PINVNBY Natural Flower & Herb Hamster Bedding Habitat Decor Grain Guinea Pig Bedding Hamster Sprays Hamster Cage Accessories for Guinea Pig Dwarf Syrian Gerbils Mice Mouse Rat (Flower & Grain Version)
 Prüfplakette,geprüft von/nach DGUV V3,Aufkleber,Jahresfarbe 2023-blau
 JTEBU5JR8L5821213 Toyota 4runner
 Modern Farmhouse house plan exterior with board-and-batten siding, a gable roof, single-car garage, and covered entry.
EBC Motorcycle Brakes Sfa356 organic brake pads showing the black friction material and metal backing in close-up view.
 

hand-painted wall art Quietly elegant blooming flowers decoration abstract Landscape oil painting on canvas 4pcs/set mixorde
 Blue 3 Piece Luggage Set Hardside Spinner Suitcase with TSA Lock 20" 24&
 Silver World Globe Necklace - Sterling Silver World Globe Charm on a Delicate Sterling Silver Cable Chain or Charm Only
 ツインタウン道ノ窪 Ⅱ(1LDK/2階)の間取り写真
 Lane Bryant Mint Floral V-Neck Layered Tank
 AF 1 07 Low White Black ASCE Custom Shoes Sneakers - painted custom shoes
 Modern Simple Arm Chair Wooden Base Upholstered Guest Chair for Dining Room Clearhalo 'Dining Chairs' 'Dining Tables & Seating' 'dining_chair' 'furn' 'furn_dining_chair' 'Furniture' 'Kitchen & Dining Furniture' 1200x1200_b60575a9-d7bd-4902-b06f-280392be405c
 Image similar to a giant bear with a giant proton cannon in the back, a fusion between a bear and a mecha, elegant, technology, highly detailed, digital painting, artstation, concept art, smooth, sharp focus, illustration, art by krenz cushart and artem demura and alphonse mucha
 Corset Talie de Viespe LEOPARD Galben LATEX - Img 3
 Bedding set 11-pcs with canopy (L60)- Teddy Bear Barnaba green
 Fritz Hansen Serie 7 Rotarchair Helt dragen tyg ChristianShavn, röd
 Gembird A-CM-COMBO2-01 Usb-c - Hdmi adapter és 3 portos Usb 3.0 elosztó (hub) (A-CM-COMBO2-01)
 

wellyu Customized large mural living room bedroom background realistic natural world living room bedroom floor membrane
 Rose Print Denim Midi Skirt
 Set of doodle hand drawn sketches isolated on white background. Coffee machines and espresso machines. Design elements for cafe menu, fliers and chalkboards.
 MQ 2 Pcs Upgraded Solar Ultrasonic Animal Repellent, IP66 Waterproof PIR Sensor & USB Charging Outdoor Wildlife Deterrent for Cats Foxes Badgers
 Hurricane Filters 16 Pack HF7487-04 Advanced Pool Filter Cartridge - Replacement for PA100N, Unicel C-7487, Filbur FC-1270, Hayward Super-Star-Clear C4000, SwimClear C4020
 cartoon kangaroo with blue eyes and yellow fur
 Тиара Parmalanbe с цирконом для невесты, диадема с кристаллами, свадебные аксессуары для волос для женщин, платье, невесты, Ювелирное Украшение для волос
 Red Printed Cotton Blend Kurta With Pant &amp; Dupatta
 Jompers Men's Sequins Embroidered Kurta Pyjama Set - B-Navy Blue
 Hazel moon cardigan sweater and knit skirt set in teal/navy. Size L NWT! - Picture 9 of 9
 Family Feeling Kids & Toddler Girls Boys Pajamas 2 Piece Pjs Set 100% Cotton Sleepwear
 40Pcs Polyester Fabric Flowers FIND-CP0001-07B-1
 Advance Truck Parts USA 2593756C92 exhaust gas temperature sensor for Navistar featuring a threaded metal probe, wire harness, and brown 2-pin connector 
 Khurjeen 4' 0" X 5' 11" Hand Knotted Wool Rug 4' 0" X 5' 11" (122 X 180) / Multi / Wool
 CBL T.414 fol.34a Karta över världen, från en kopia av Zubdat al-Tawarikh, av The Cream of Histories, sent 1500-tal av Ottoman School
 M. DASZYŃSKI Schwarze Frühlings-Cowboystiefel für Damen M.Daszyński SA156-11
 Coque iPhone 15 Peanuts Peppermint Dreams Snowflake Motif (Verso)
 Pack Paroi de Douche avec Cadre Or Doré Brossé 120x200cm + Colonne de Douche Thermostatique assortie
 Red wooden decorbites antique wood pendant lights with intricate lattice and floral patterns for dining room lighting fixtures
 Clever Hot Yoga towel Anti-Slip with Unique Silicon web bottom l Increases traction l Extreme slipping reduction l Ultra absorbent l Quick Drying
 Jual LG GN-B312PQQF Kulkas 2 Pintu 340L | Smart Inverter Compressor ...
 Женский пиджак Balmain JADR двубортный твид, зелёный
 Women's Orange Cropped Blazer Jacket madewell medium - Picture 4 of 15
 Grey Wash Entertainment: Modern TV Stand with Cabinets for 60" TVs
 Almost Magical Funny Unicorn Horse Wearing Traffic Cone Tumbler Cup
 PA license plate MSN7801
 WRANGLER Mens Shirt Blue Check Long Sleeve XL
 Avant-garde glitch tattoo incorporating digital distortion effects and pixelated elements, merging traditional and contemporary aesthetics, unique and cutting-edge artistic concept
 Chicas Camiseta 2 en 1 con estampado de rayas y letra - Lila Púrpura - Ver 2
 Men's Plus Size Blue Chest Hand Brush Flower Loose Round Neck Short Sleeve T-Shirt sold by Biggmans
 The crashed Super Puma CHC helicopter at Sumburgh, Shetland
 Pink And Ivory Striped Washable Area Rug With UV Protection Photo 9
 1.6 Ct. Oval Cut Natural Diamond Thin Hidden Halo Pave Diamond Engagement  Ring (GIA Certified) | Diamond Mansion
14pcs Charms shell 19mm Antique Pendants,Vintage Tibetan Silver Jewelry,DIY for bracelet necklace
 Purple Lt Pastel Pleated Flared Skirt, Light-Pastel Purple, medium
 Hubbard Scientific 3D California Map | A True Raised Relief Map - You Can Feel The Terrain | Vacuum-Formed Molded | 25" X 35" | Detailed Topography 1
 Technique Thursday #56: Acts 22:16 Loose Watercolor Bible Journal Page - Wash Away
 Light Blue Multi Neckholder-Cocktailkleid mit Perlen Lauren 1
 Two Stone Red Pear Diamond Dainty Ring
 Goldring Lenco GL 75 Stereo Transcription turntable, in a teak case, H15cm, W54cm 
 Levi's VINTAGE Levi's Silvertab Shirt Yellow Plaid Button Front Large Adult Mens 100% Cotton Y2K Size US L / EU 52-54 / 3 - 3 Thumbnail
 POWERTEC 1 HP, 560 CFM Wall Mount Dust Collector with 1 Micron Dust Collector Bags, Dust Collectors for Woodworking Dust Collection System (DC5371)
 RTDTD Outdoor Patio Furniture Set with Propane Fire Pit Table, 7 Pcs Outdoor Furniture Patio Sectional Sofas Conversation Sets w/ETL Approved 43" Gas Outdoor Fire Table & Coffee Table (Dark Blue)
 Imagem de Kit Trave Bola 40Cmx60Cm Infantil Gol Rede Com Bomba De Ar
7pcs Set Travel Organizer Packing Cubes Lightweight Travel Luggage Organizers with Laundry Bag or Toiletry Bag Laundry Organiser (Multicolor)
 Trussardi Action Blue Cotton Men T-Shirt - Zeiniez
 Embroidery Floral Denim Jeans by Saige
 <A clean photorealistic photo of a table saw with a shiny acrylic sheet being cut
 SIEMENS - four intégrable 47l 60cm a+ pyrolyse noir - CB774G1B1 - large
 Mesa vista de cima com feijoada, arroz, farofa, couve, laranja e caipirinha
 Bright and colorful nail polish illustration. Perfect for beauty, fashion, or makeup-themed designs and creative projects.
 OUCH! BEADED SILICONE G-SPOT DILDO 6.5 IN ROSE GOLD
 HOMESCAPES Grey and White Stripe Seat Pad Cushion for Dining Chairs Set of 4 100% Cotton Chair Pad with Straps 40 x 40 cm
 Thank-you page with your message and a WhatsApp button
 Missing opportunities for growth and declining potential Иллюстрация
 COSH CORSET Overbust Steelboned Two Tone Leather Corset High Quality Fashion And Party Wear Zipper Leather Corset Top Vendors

□ □ □ □ □

TASK DIRECTIONS: Having found the line with "HOMESCAPES Grey and", transcribe it and each line after it to the end of the entries, with no other lines.

ANSWER BOX:
 HOMESCAPES Grey and White Stripe Seat Pad Cushion for Dining Chairs Set of 4 100% Cotton Chair Pad with Straps 40 x 40 cm
 Thank-you page with your message and a WhatsApp button
 Missing opportunities for growth and declining potential Иллюстрация
 COSH CORSET Overbust Steelboned Two Tone Leather Corset High Quality Fashion And Party Wear Zipper Leather Corset Top Vendors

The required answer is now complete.